“Under the microscope, I found that snowflakes were miracles of beauty; and it seemed a shame that this beauty should not be seen and appreciated by others. Every crystal was a masterpiece of design and no one design was ever repeated. When a snowflake melted, that design was forever lost. Just that much beauty was gone, without leaving any record behind.”
Wilson “Snowflake” Bentley 1925
Many Oak Meadow families who live in the northern hemisphere have received an abundance of snow this winter. It just keeps snowing and blowing! Old King Winter sits on his icy throne with sheer pride and pleasure, with his spritely right hand man, Jack Frost, at his side.
The snow flakes this season have been amazing! I have personally seen the largest snowflakes EVER in my life! Some have even fallen with crystalline color. It brings to mind a man by the name of Wilson Bentley, better known as the Snowflake Man.
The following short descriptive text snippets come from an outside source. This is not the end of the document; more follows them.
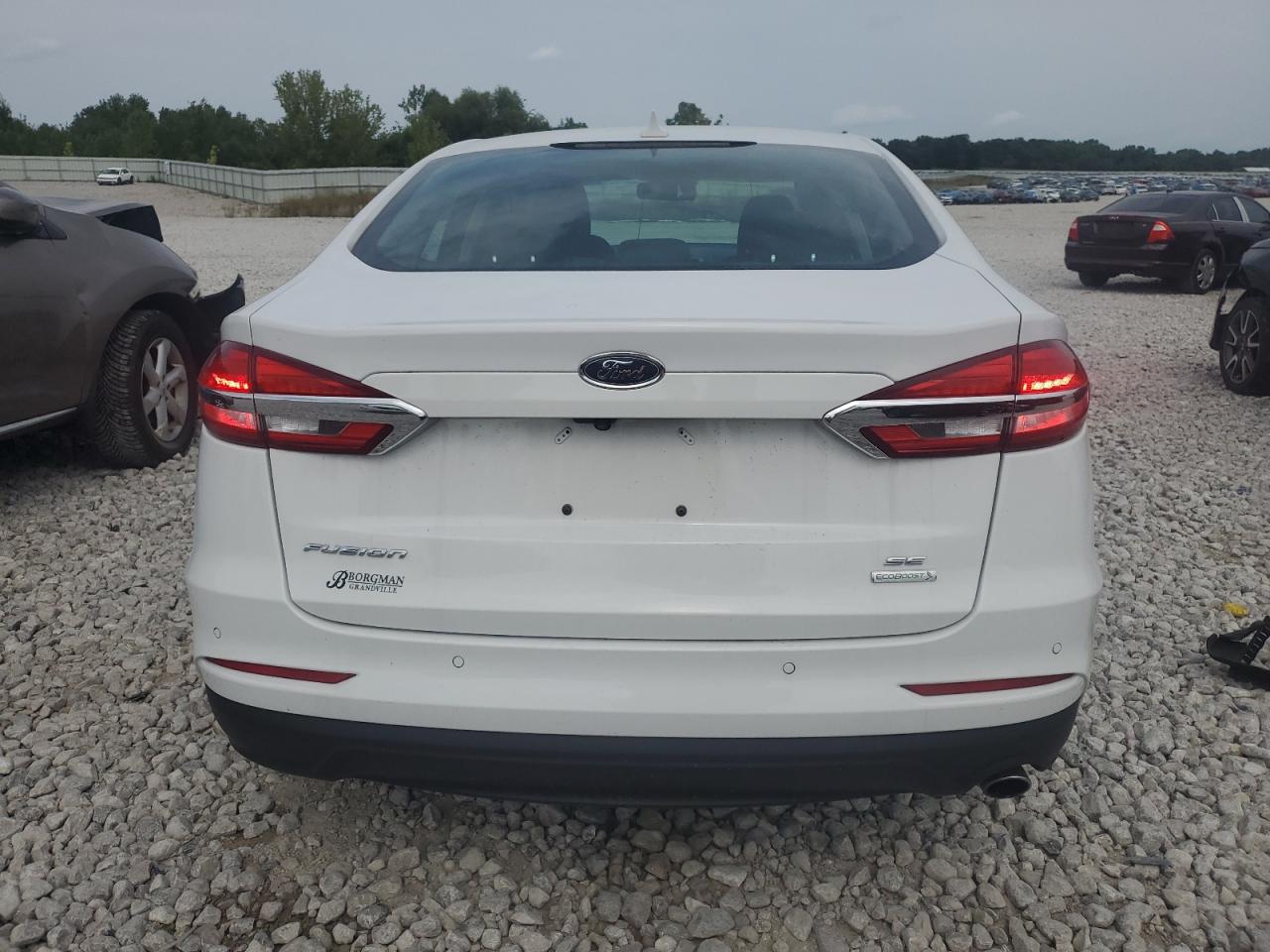 2020 Ford Fusion Se VIN: 3FA6P0HD7LR252819 Lot: 62526394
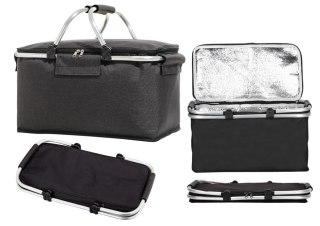TERMICZNY IZOLOWANY KOSZYK PIKNIKOWY SKŁADANY 30L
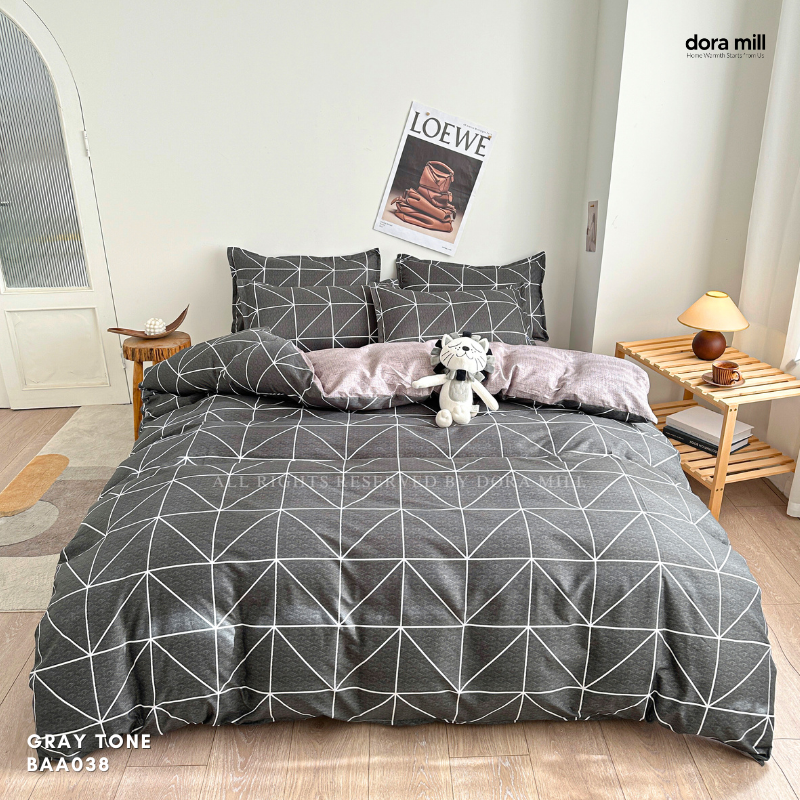 Dora Mill Combed Cotton Bedsheet w/Quilt Cover #A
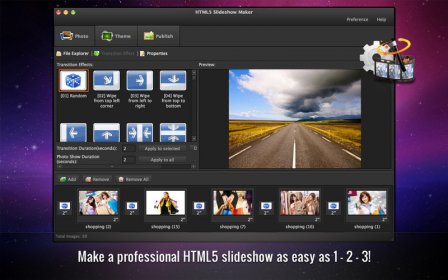 HTML5 Slideshow Maker Free screenshot
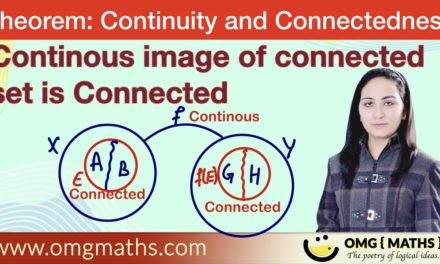 Continous image of Connected set is Connected | Limit and Continuity | continuity and connectedness | Real Analysis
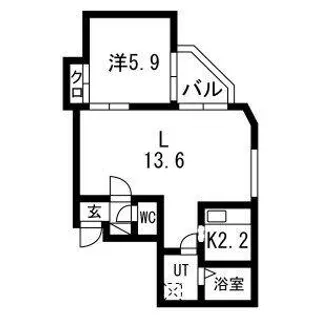 ibiza中島公園【4階】の間取り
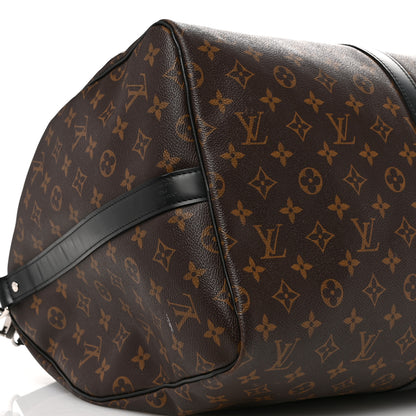 Louis Vuitton Monogram Macassar Keepall Bandouliere 55 7 of 11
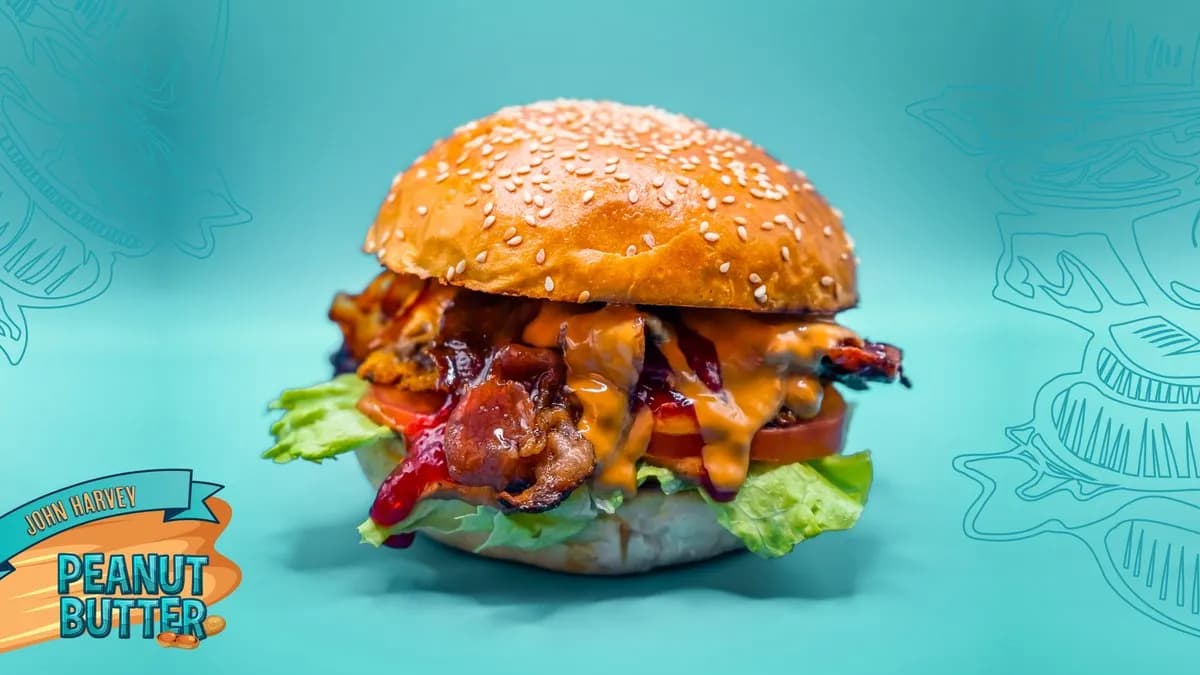 THE PEANUT BUTTER & JELLY BURGER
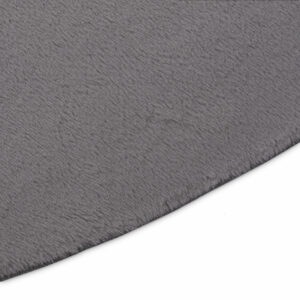 Vloerkleed Lumi Rond Donkergrijs Antislip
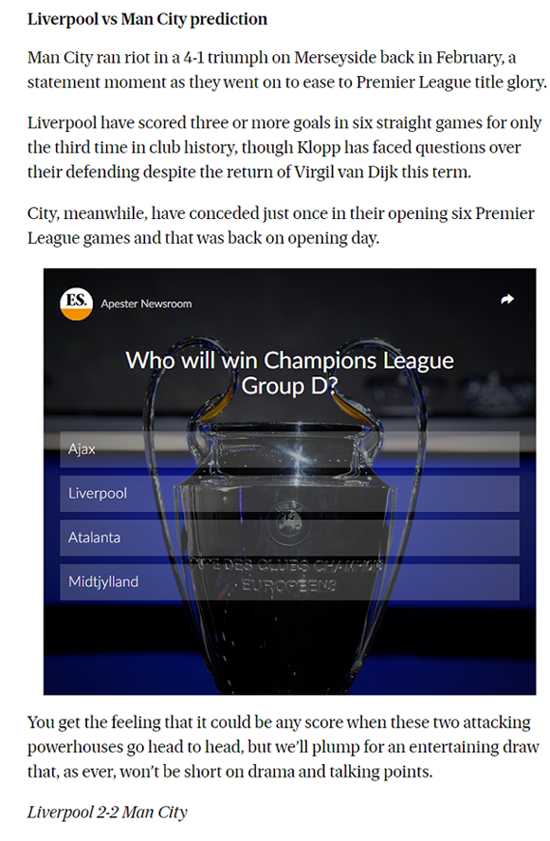 Dự đoán Liverpool vs Man City (22h30 3/10) bởi chuyên gia George Flood - Ảnh 1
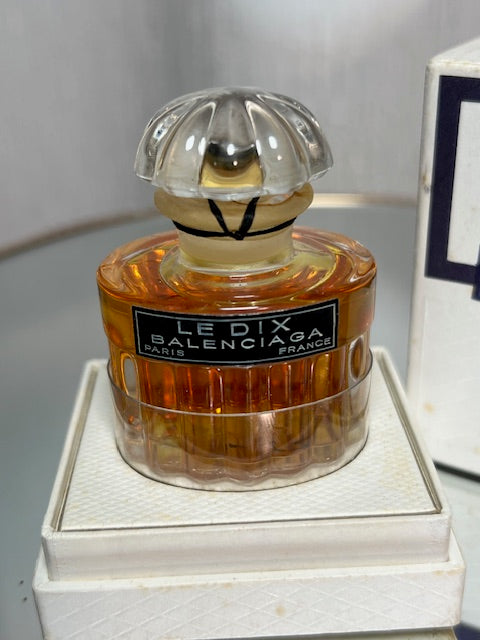 Le Dix Balenciaga extrait 14 ml, vintage 1970. Sealed bottle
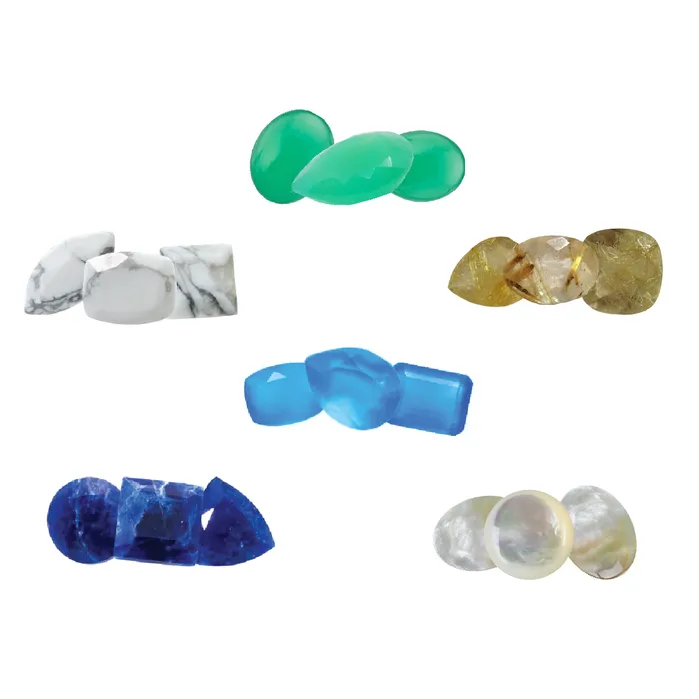 GEM0020 Earrings Loose Gemstones Mix 5 25 Carats Approx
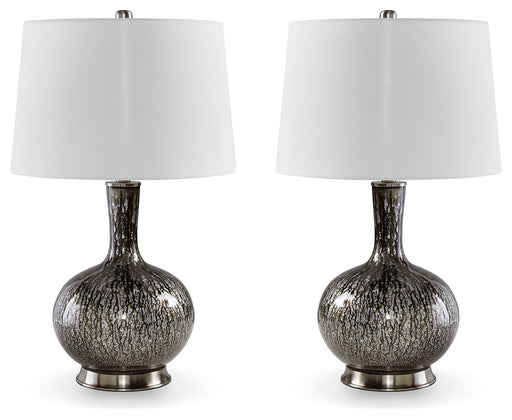Tenslow 2-Piece Table Lamp Set in Antique Black - PKG015584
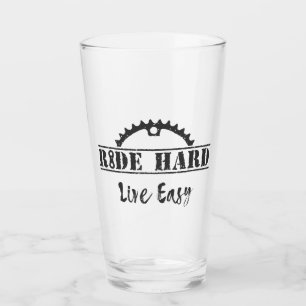 Harde, live, eenvoudige fietsen glas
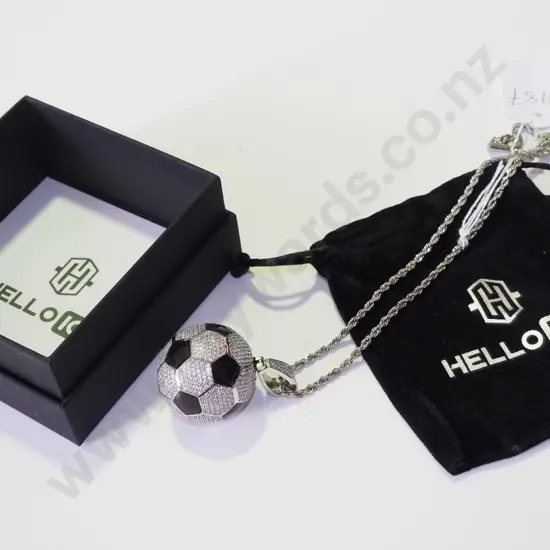 soccer ball pendant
Bentley was a farmer who grew up and lived in Vermont. As a young boy, he was home schooled. He had a natural affinity with nature, and with snowflakes in particular. He received his first microscope on his 15th birthday (in 1881) and began examining snowflakes. He soon discovered that no snowflake is like any other. At the age of 19, Bentley took his first micro-photograph of a snowflake, and this was the beginning of a passionate hobby. He spent his entire adult life photographing snowflakes, and by the time he died in 1931, he had photographed over 5,000 images. Imagine that!
The Oak Meadow syllabus in kindergarten and in first grade offers the artistic project of making paper snowflake designs. Mrs. Novak, a Title One Teacher Trainer at the Nashua, New Hampshire Elementary Technology Integration website (“Snowflake Bentley and Wonderful Winter Snow”) offers a wide variety of other artistic projects, games, and educational exercises on snowflakes that might interest you.
William Bentley’s official home site also provides an assortment of books for all ages on this marvelous “Snowflake Man”. If you are fortunate to live close to or pass by Jericho, Vermont, you can visit the Bentley Museum to view his photographed snowflakes and to learn more about his fascinating life and the captivating beauty of snow!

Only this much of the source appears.